Ways to reduce screen time

Scrolling through social media, binge-watching Netflix, and reading Welia Health blog posts are enjoyable online pursuits. But to improve your health and well-being, spending less time online is a worthy goal. Below are some suggestions:

  • Institute tech-free time: Identify blocks of time as tech-free time so you can connect with your family and friends. Perhaps it’s 6 – 8 p.m. on weekdays or Sunday mornings. Or create a no-tech-at-the-table rule. Instead, go on a bike ride, play a board game, walk the dog, cook together, do an art project, read a book or volunteer. Be consistent and clear about your personal and family rules.
  • Turn off tech an hour before bed: Aim to have everyone turn off technology an hour before bedtime. It’s not easy. Think of it as the modern-age “lights out.”
  • Keep screens out of the bedroom: Go old-school and get an alarm clock instead of using your phone. Have a charging station in the kitchen, so tablets and phones stay there at night. If you read on an electronic device at night, be sure to use that blue-light filter.
  • Set a timer or alarm: Before you start watching TV or scrolling social media, determine how much time you’d like to spend and then set a timer. It’s so easy to lose track of time when you’re online!
  • Be self-aware of your own screen time: When someone calls you out on your screen time, pause and reflect. Do you get defensive? Are you realistic about where you’re spending your time? Are you really reading the news or doing work, or are you watching cat memes? There are ways to find out how long you’re spending with certain apps. (See “How to See How Much Time is Spent in Apps on iPhone & iPad.”)
  • Watch your screen habits: Do you instinctively grab your phone right when you wake up? Do you check it right after dinner and then spend the next hour online instead of connecting with your kids or spouse?
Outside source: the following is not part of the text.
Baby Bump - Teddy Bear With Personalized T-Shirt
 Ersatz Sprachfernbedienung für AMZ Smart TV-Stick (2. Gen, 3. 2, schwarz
Do you tune into TV once the kids are in bed and then spend the next three hours binge-watching your favorite show? Examine your screen habits and determine where you might want to adjust how you spend your time to maximize your health and well-being. Be a good example for your children!

Navigating technology when it seems to overrun our lives is a challenge. But setting limits for yourself and the ones you love is essential to create healthy habits, meaningful relationships, and connected communities.